Why each step exists

Slide-change detection with perceptual hashing is fast and free. It's intentionally over-sensitive — better to catch every camera cut and animation build than miss a real slide change.
Min-duration filter collapses raw detections within ~3s of each other, killing animation-build noise while preserving real slide changes.
Classification is the expensive-looking step that pays for itself.

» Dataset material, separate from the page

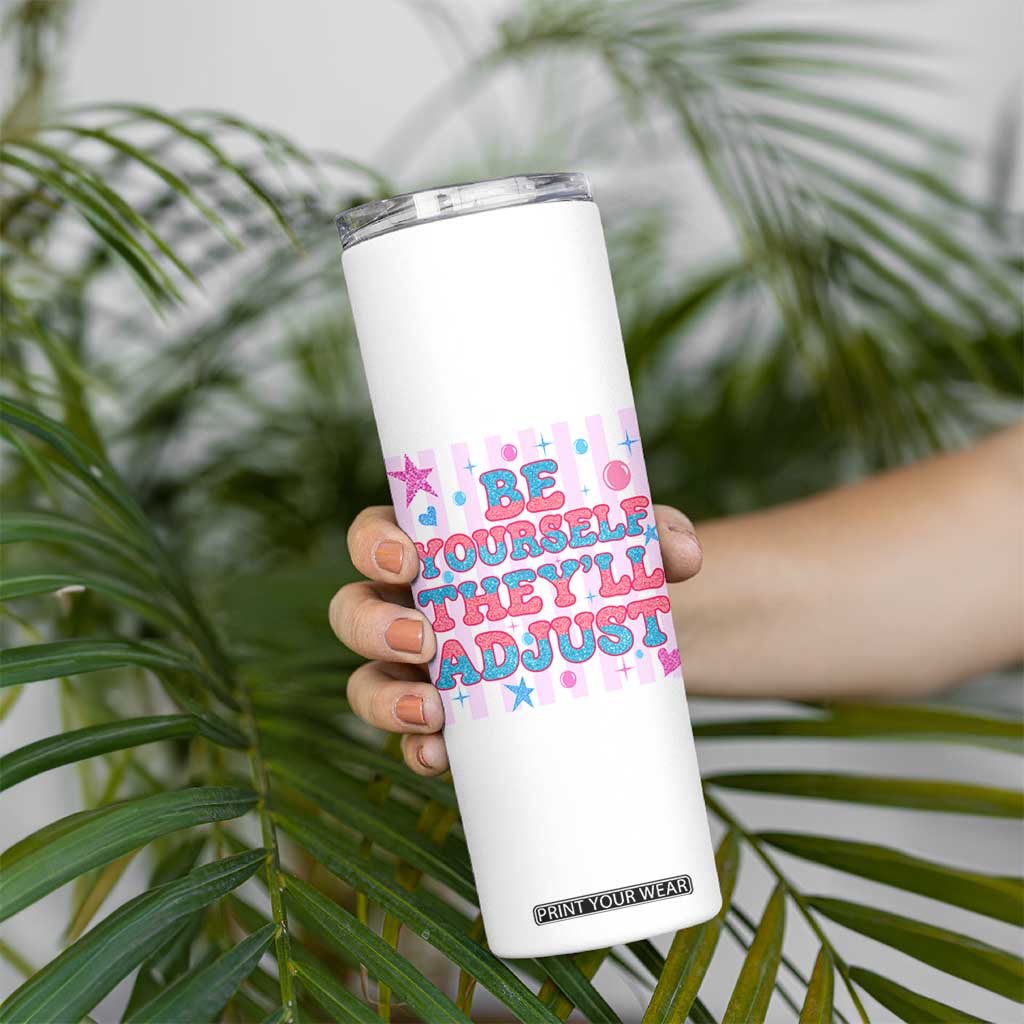 Striped Glitter Effect Printed Trans Rights Skinny Tumbler Be Yourself They Will Adjust TS12 Print Your Wear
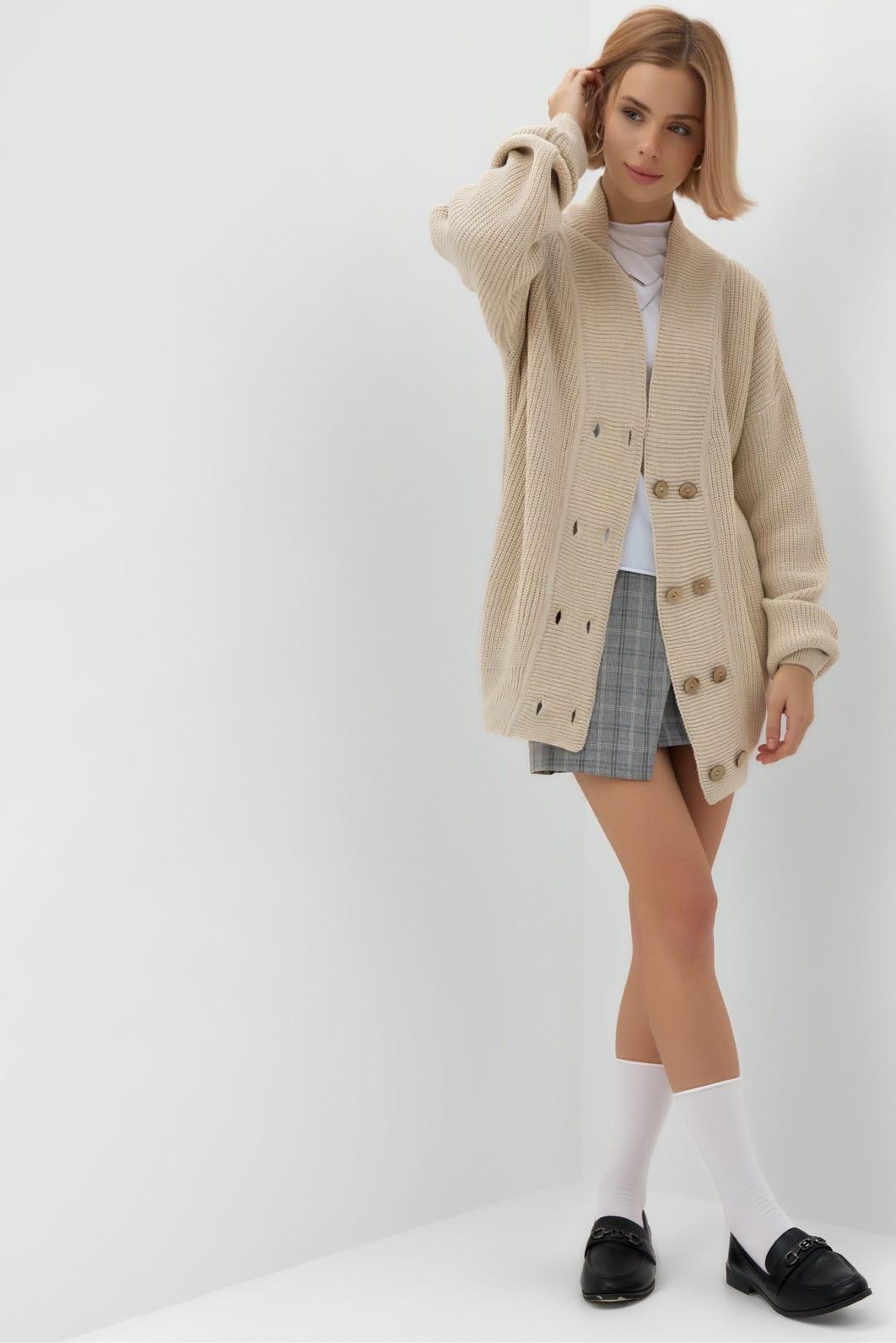 Кардиган на пуговицах женский MINAKU: Casual Collection, бежевый, размер 44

Without it, every speaker-only camera cut becomes a "slide" the synthesis call wastes API spend on.
Same-slide check handles the SaaStr livecast issue where the same slide is shown from three camera framings; without it, one slide becomes 3-6 separate segments with redundant theses.
Software-demo grouping turns the 6-frame "AI crawl demo" run into one segment with 6 anchor images — Sonnet sees the progression, not 6 individual frames each described separately.
Cue-based Q&A split fixes the case where the speaker invites questions but the slide doesn't change — no visual cue fires, so without the transcript-cue scan, 15 minutes of Q&A would get glued onto the last content slide.
Speaker grounding in synthesis prompts prevents the model from pattern-matching to industry-famous brands (e.g. "Toast" when the speaker is actually from "Owner") or confusing the speaker's company with vendors they reference ("Anthropic's finance team" when they meant "the speaker's finance team using Claude").

Output

Files produced

For a session named adam_owner, you'll get this tree:

output/
  adam_owner/
    video.mp4                 # raw download from yt-dlp
    audio.mp3                 # extracted audio for Whisper
    transcript.json           # Whisper segments with timestamps
    slides.json               # raw + filtered slide-change boundaries
    classifications.json      # per-slide Haiku classifications
    concepts.json             # canonical synthesized output
    adam_owner.md             # rendered markdown report
    adam_owner_slides/
      slide_001.png           # cropped slide images, one per raw detection
      slide_002.png
      ...

Sample report

A typical content-slide segment looks like this:

## Segment 1 — Owner Before: Strong Metrics, Hidden Risk
*1:08:28 to 1:09:26 · content_slide*

![Slide](adam_owner_slides/slide_002.png)

**On the slide:**
> # Owner before
>
> Building Shopify for restaurants.
> Great metrics - exceeding triple triple double double double.
> Great funding - $89M raised.
> But...

**Thesis.** Three years ago, Owner appeared to be thriving — building a
Shopify for restaurants with strong growth metrics and $89M raised. Despite
hitting the coveted triple-triple-double-double-double SaaS growth trajectory,
an existential threat was quietly emerging beneath the surface starting in
early 2023.

**Visual.** Dark background, 'Owner before' title with 'before' highlighted
in a purple box. Four bullets on the left, an accelerating bar chart on the
right reinforcing the growth.

**Key stats:**
- $89M — Capital raised (source: slide)
- triple triple double double double — Growth trajectory exceeded (source: slide)

**Notable quotes:**
> "We were exceeding the triple, triple, double, double, double trajectory
> that the SaaS lore says eventually leads to building a unicorn." — [1:09:03]

<details>
<summary>Raw transcript</summary>

Let me take you back to three years ago, because the past three years has
been a huge rollercoaster at Owner. ...

</details>

A Q&A segment renders like this:

## Segment 35 — Q&A
*1:45:47 to 1:52:01 · qa_session*

### Q1: How many attempts did you have before you came up with a winning idea?
*Asked by: PMP, founder of Emotions AI*

The company went through many failures, including a website builder focused
on dine-in reservations that was destroyed by the pandemic, before pivoting to
online ordering and eventually finding product-market fit.

**Quotes:**
> "The first three years of the company's life in 2018 to 2021, we were
> building something that got completely destroyed by the pandemic." — [1:46:30]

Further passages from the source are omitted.